A public hearing on the proposed municipal budget will be at 7 p.m. Thursday, June 24, at the boathouse on Steamboat Landing.

After deducting projected revenues, the net amount to be raised by property taxes is $2,735,784, a figure $63,727 lower than last year’s budget. Despite that reduction, the tax rate is expected to increase $1 because of spending increases on the school and county levels.

“I’m comfortable with the budget. It positions us reasonably for the future,” City Manager Terry St. Peter said Tuesday. “You never want a tax increase but I think it’s a modest increase.”

The city’s portion of the SAD 34 budget is projected to be $3,996,140. That represents an increase of 11 percent, or $395,977, more than last year’s $3.6 million school budget cost. The city’s portion of the Waldo County budget is $360,294, an increase of 6 percent, or $24,742, more than last year’s county tax.

If the municipal budget is adopted as proposed and added to the school and county commitments, the total package works out to $6,901,502, a property tax levy of about $1,060 for every man, woman and child in the city.

The budget will result in a projected increase in the city’s tax rate from $17.90 per $1,000 in valuation to $18.90 when the tax bills are calculated and mailed in August. It means owners of a home valued at $125,000 who paid $2,237 in taxes last year will be assessed a bill of $2,362 for the 1999-2000 budget year.

The final budget proposal poses a sharp reduction from the $6.2 million originally proposed by St. Peter. Most of the cuts came from the capital improvement budget, which the council pared from an initial figure of $1.2 million to $460,000.

Big-ticket items left in the capital account include: $225,000 for temporary repairs to and matching state funds for the Passagassawaukeag River footbridge; $80,000 for renovations to buildings at Harbor Park; $25,000 for heating system and bathroom improvements to the boathouse at Steamboat Landing; $100,000 for renovations and handicapped access to City Hall; and $30,000 for a sidewalk at the Belfast Free Library.

Besides applying estimated revenues from fees such as excise taxes, licenses and building permits to the budget, the council agreed to tap the surplus fund for $500,000 to reduce this year’s tax commitment.

St. Peter emphasized the surplus funds were dedicated to onetime expenditures. Included in the group of accounts is $400,000 for capital items and $100,000 for an extra pay week. Because the city pays its employees every two weeks, an additional week’s pay is required every 14 years.
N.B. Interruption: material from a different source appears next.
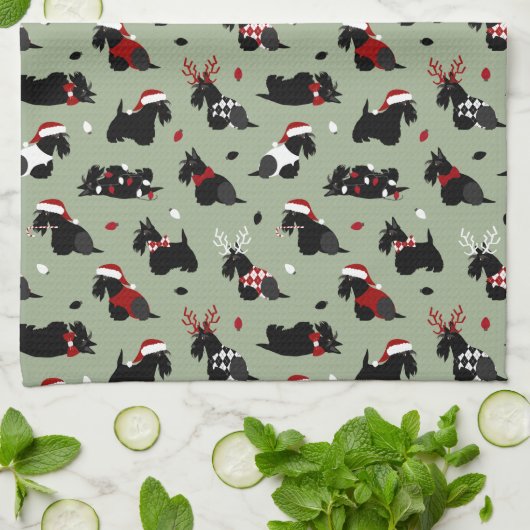 Linge De Cuisine Noël écossais Terrier vert (Plié)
St. Peter estimated that once the $500,000 is taken from the surplus account, the city should have a balance of approximately $1.7 million left in its rainy day fund.

In providing a recent history of the surplus account, St. Peter noted that the city had $3.7 million in the account as of June 1998. Within the past year, however, the council appropriated $1.5 million from the account to pay the city’s commitment to the new Waldo County YMCA, to pay for renovations and expansion of Belfast Free Library, and to reduce taxes.

Those reductions will leave the city with about $2.2 million in surplus when it closes the books on the current fiscal year at the end of the month. The $500,000 committed to the 1999-2000 budget will reduce that total to $1.7 million July 1, the beginning of the next fiscal year.

The rapid decline of the city’s surplus will not pose any immediate problems, St. Peter said. He speculated the surplus could gain as much as $500,000 during the upcoming fiscal year. He attributed that increase to interest earnings on the existing surplus as well as departmental fiscal management policies.

“We are enjoying some good cash flow at this moment,” St. Peter said. “I’m comfortable. I haven’t been this comfortable in years.”